Pemain baja tengah bersorak, hilir berteriak



JAKARTA. Aturan kenaikan tarif bea masuk untuk produk steel wire rod alias baja batang kawat mendapatkan tanggapan beragam dari pelaku usaha. Niat mulia pemerintah melindungi baja lokal dibayangi potensi hilangnya bahan baku di dalam negeri.

PT Krakatau Steel Tbk menilai bahwa kebijakan pemerintah yang berlaku sejak 18 Agustus 2015 itu sudah tepat. "Karena beberapa ekspor produk baja kami juga dikenakan bea masuk lebih besar saat hendak memasuki negara lain," ujar Iip Arief Budiman, Sekretaris Perusahaan Krakatau Steel, kepada KONTAN, Jumat (21/8).

Namun, Krakatau Steel mengaku, kenaikan tarif bea impor baja batang kawat tak akan berdampak signifikan bagi penjualan mereka. Emiten berkode KRAS di Bursa Efek Indonesia itu beralasan, produk  andalan mereka bukan baja batang kawat tapi hot rolled coil (HRC) alias baja lembaran canai panas.


Krakatau Steel memproduksi beragam baja. Selain baja batang kawat dan baja lembaran panas, perusahaan pelat merah itu jua membikin besi spons, slab baja, billet baja, dan baja lembaran dingin.

Hidayat Triseputro, Executive Director Indonesia Iron and Steel Industries Association (IISIA), tak kalah positif menyambut kebijakan anyar pemerintah. Menurutnya, aturan baru itu bisa mendongkrak produksi baja lokal. Apalagi, potensi kebutuhan baja di dalam negeri besar, seiring proyek-proyek  infrastruktur yang bakal bergulir. "Itu bisa mengurangi impor," ujar dia.

Dalam catatan IISIA, kapasitas produksi dan kebutuhan baja batang kawat dalam negeri adalah 14 juta ton per tahun. Namun, utilisasi produksi baru mencapai 8 juta - 9 juta ton per tahun. Alhasil, kekurangan itu dipenuhi oleh baja batang kawat impor.

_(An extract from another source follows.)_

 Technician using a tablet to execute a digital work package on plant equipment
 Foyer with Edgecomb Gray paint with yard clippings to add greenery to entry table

Setelah aturan berlaku, IISIA belum mengetahui besar kapasitas baja batang kawat impor yang bisa direm masuk ke Tanah Air, terutama baja impor yang berasal dari negara-negara yang tidak memiliki jalinan kerjasama perdagangan bebas alias free trade agreement (FTA) dengan Indonesia.

Saat ini, Indonesia memiliki kerjasama FTA dengan China, ASEAN, Jepang, dan Korea Selatan. Nah, negara-negara asal impor baja di luar FTA  tersebut masuk dalam kantong most favoured nation (MFN).

Ganggu produksi hilir

Harapan  IISIA, tak cuma bea masuk impor baja batang kawat yang dikerek. Asosiasi pabrikan baja ini berharap, pemerintah juga mengerek tarif bea masuk impor di industri baja hilir.

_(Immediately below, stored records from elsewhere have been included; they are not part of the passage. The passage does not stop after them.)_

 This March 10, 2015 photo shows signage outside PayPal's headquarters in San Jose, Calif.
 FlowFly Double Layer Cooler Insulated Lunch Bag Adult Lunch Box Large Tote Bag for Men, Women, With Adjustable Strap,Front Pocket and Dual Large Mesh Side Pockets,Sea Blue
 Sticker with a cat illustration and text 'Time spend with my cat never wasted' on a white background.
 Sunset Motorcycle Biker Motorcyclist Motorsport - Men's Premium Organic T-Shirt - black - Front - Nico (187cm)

Pertimbangan  IISIA, kenaikan bea masuk impor baja bagi industri perantara itu (pemain di antara hulu dan hilir), bisa membebani industri hilir. "Maka produk barang jadi di hilir juga perlu diproteksi dengan bea masuk  impor," dalih Hidayat.

Pendapat  berbeda  datang dari pelaku usaha di sektor hilir. Federasi Pengemasan Indonesia menilai, aturan tersebut justru berpotensi mengganggu jalannya proses produksi pemain baja hilir.

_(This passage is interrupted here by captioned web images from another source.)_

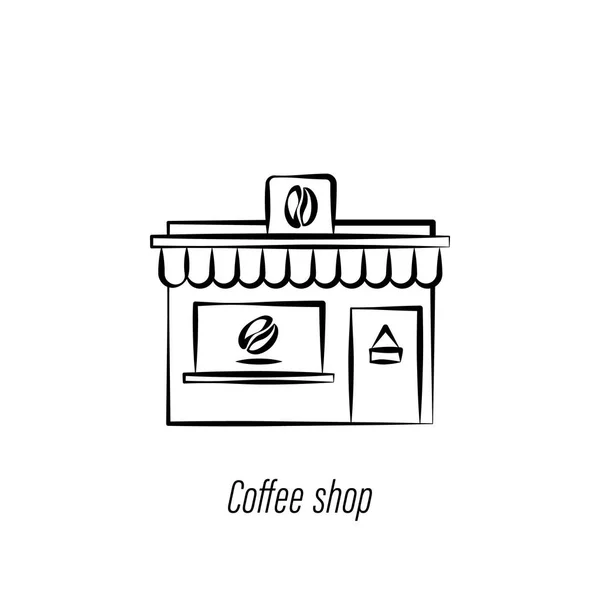 Kahve dükkanı el çizmek simgesi. Kahve illüstrasyon simgesi öğesi. İşaretler ve semboller Web, logo, mobil uygulama, ui, UX için kullanılabilir — Stok Vektör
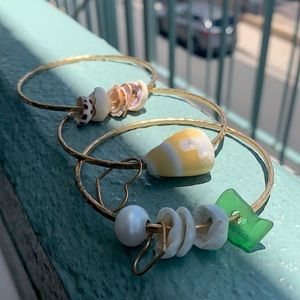 Gold Filled Bangles with Real Shells.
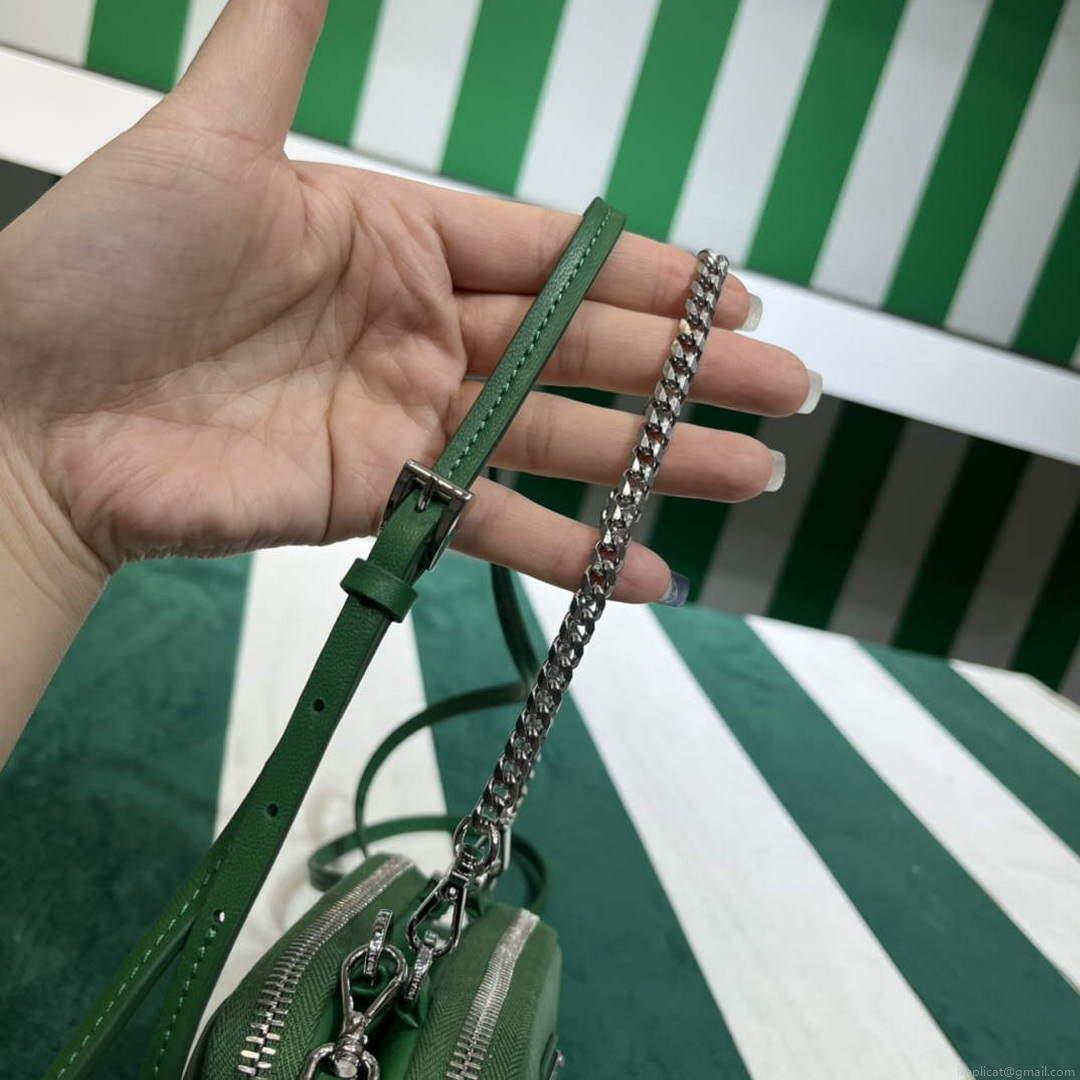 Prada 1NR015 Saffiano leather mini pouch Green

Direktur Pengembangan Bisnis Federasi Pengemasan Indonesia Ariana Susanti bilang, baja batang kawat banyak dipakai untuk kebutuhan sehari-hari. Masalahnya, "Belum tentu produksi baja batang kawat dalam negeri mampu memenuhi standar yang dibutuhkan," kata dia.

Ariana menjelaskan, baja batang kawat merupakan kawat logam dari serat kimia. Baja batang kawat memiliki kegunaan yang luas dalam industri, pertanian, ilmu pengetahuan, teknologi sampai pertahanan nasional.

Pemain baja lain, PT Gunawan Dianjaya Steel Tbk mengaku tak akan merasakan dampak apa pun karena mereka hanya bermain di bisnis baja lembaran. "Kami  tidak produksi batang kawat dan tidak pakai batang kawat," ujar Hadi Sutjipto, Sekretaris Perusahaan dan Direktur Gunawan Dianjaya Steel.